The international exchanges of the National Stock Exchange and the Bombay Stock Exchange at the GIFT International Financial Services Centre are set to be merged soon with a view to creating a united platform to compete with global rivals.

Sources told businessline that the merger could get fructified over the next few months.

BSE’s India International Exchange Limited (India INX) was the first international exchange at GIFT IFSC, which commenced its operations on January 16, 2017. The exchange offers investors 22 hours trading in a range of financial market products such as index and single stock derivatives, commodity derivatives, currency derivatives and debt securities.

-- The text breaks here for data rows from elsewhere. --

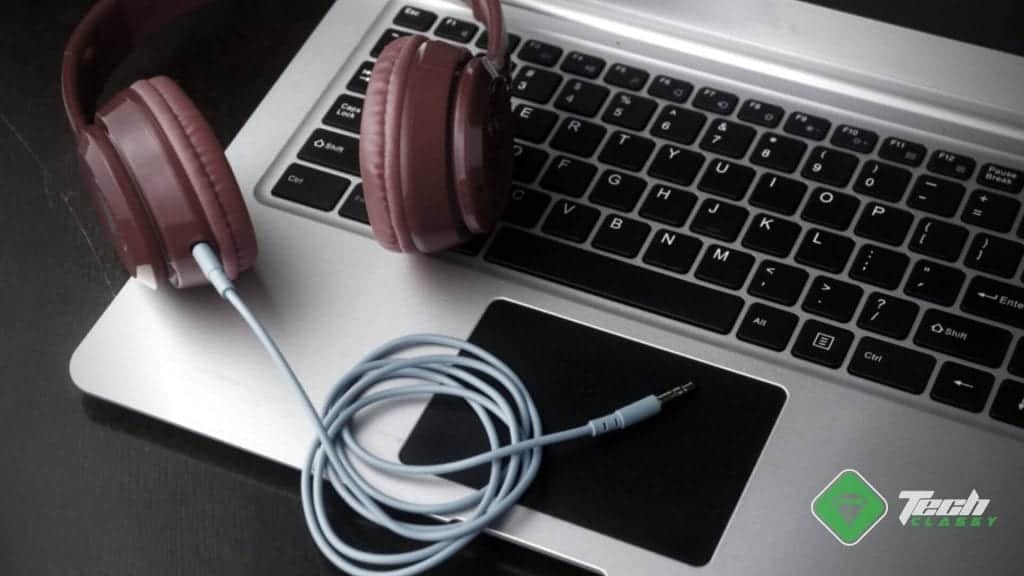 Headphone With Laptop Featured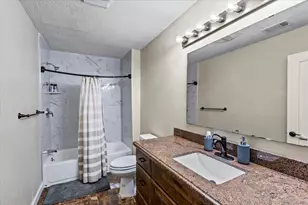 3201 Avenue F, Dickinson, TX 77539 - Photo 23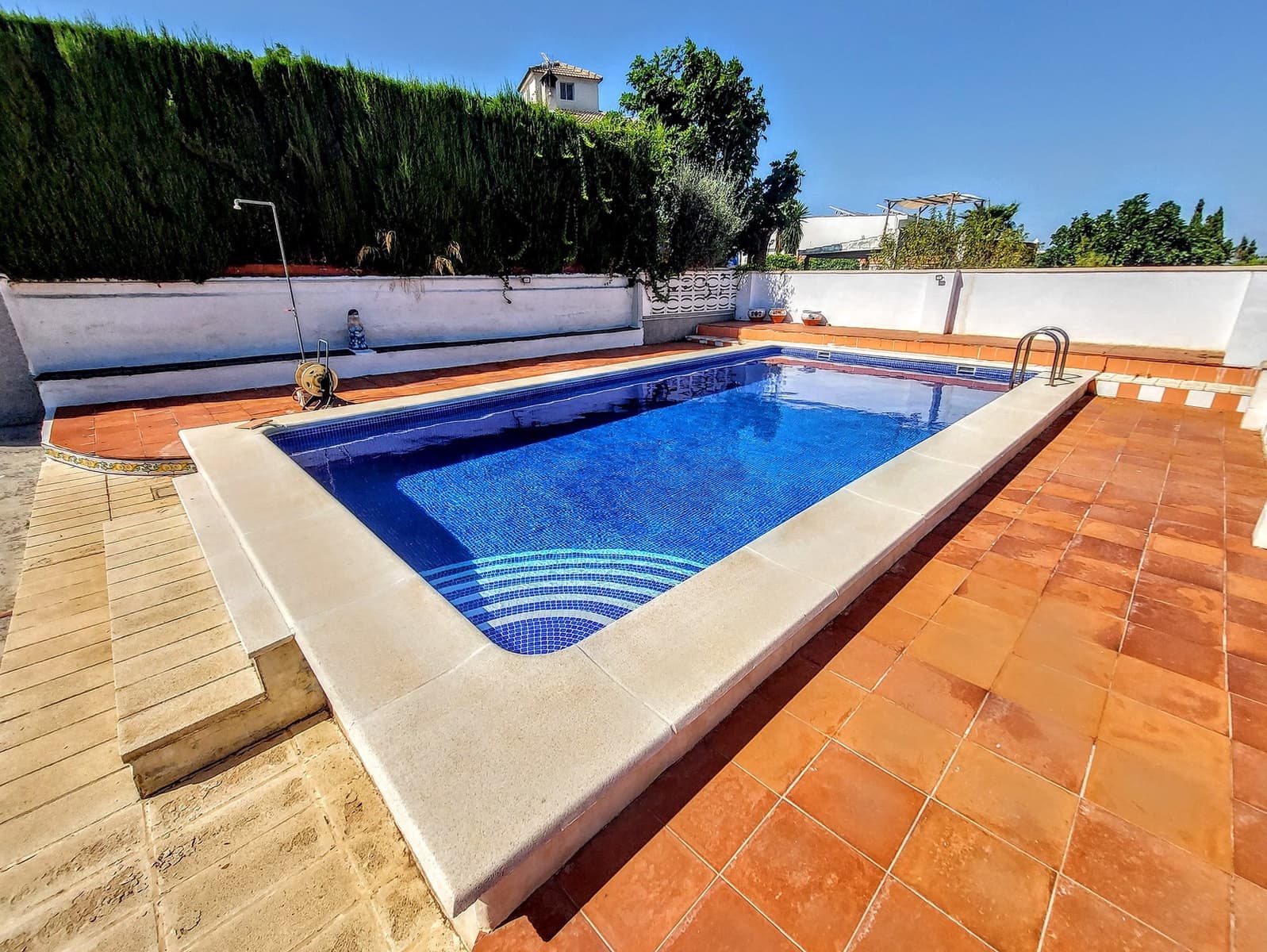 4 soveværelse Villa til salg i Vilamarxant / Villamarchante med swimmingpool - € 240.000 (Ref: 9127514)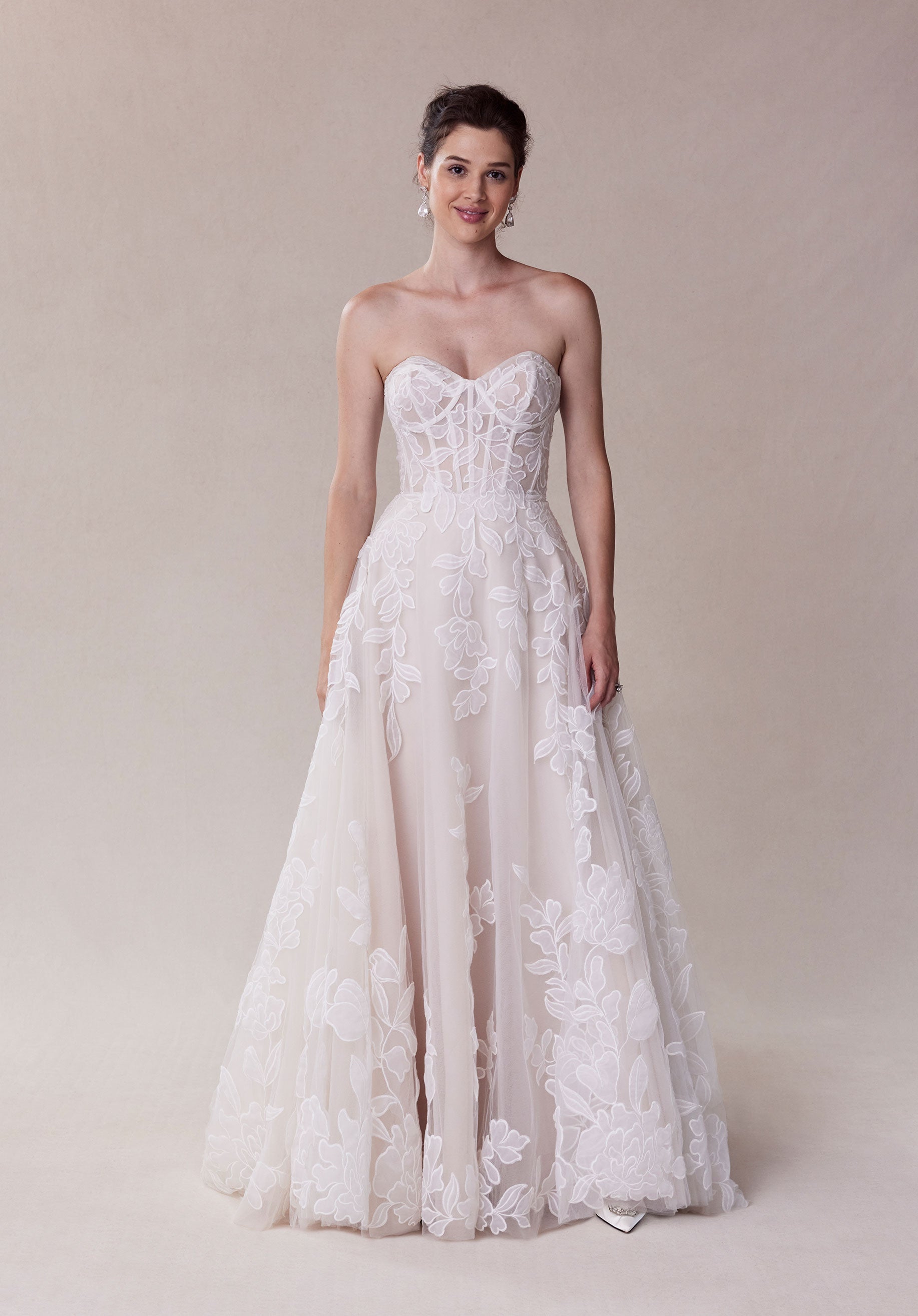 morilee-sahar-a-linie-brautkleid-mit-schleppe image 3
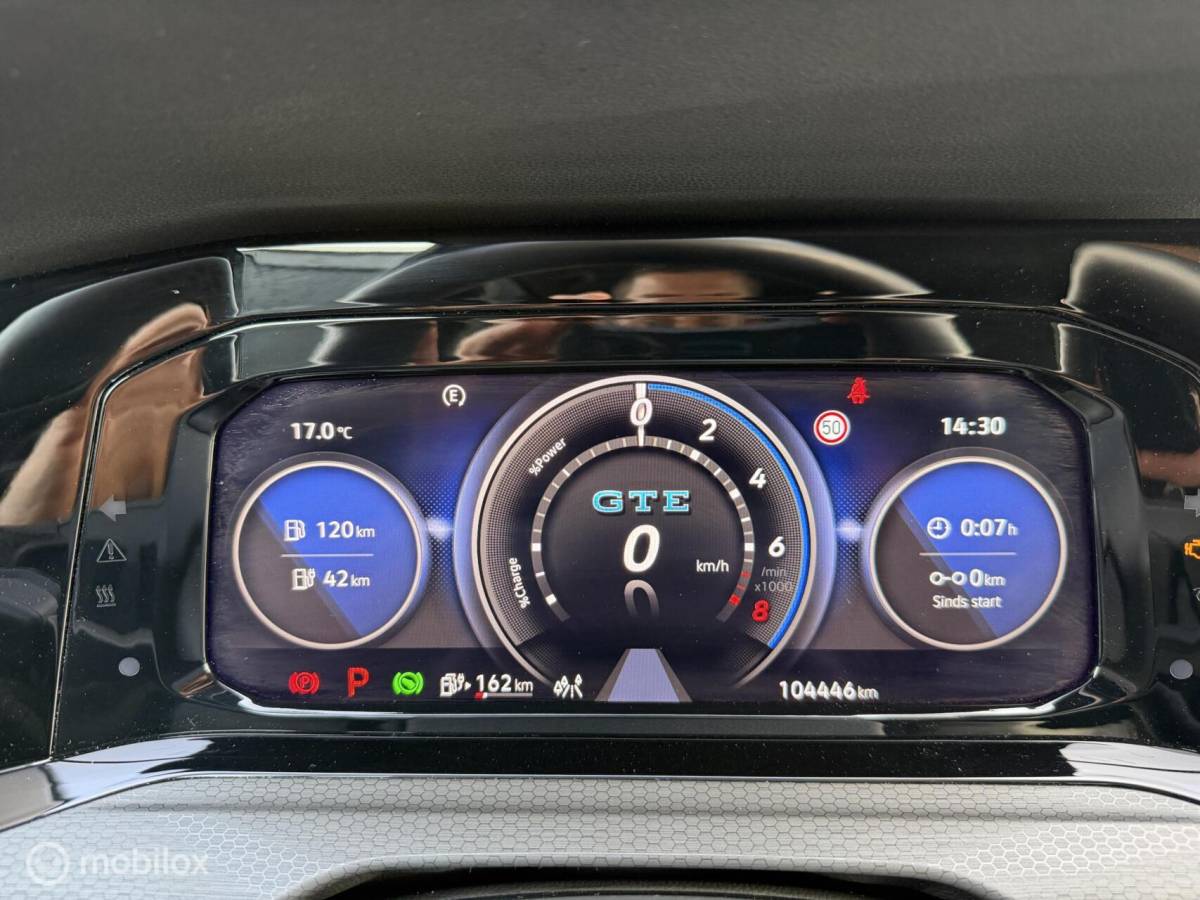 Volkswagen Golf Volkswagen Golf 1.4 eHybrid GTE ADABCRUISE*CARPLAY*18INCH*LED*PDC*CAMERA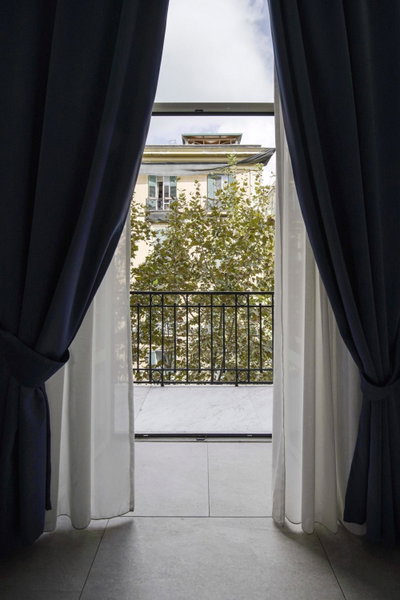 La Chambre, Naples, Italy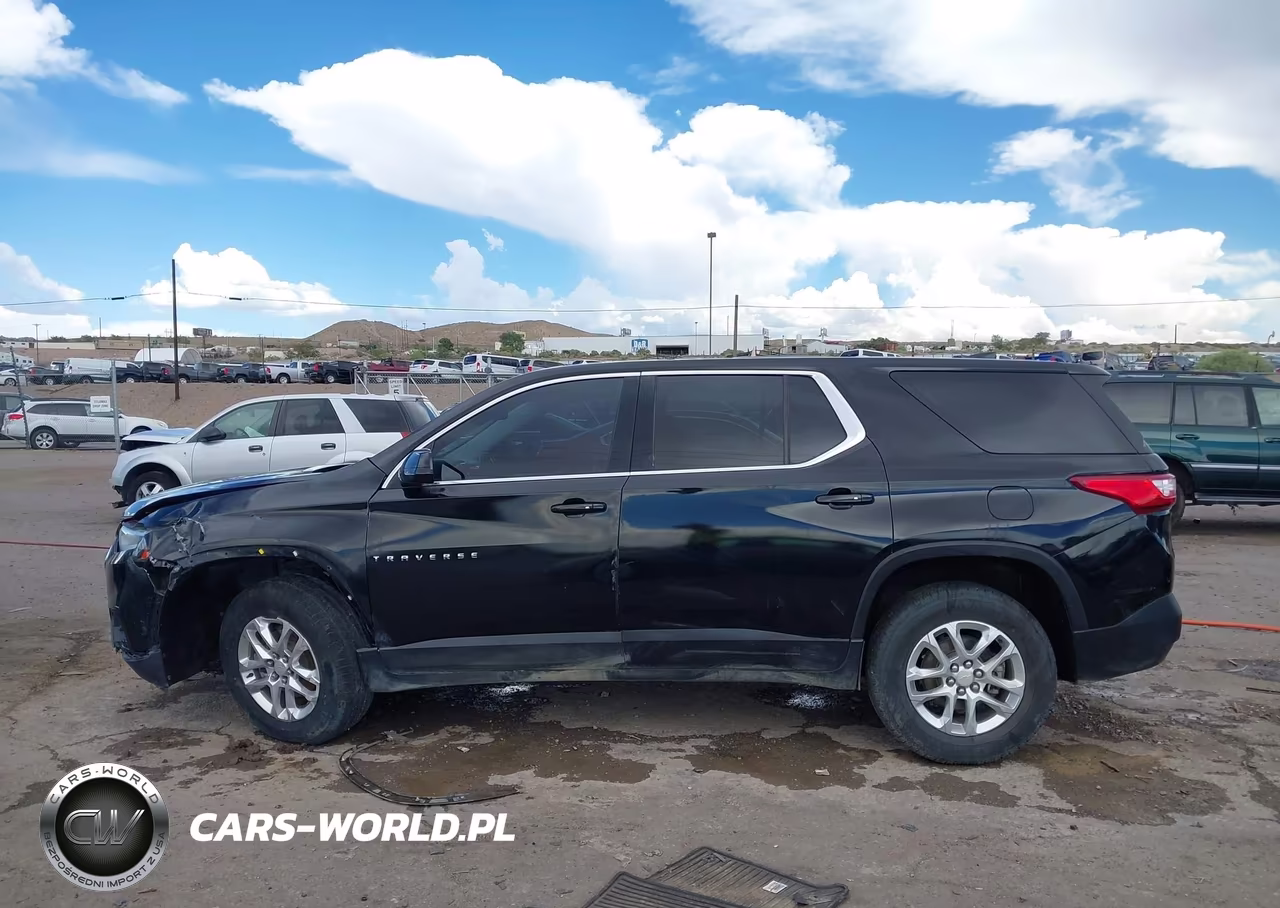 2019 Chevrolet Traverse Ls VIN:1GNERFKW3KJ262616 - 14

NSE International Exchange launched trading on June 5, 2017, and offers similar products including index derivatives, stock derivatives, currency derivatives, commodity derivatives and debt securities. “Discussions have been going on over the last 6 months between all stakeholders. The intent behind the move is to create synergies and save costs. At the same time, a merger would mean that the two exchanges do not compete for the same business,” said an executive close to the development.

Industry experts said that a merger could help the exchanges drive business together, it will also help brokers as they will have to deal with a combined trading platform.

“The idea is to present a unified platform for investors. It will also prevent the liquidity pool from splitting up,” said a market expert. The recent move to shift trading of India stock futures that shifted to Gujarat from Singapore last week met with a lukewarm reception.

The average number of open contracts for NSE International Exchange’s key product GIFT Nifty was 32,934 in the week of July 7, according to data compiled by Bloomberg. That’s lower than the 60,884 futures contracts in the first five trading days in April, May, and June traded on Singapore Exchange Ltd. “If the merger goes through as planned then the volume at GIFT Nifty will pick up significantly. An integrated platform can also provide other products beyond the futures contract such as currency derivatives to foreign investors,” the expert said.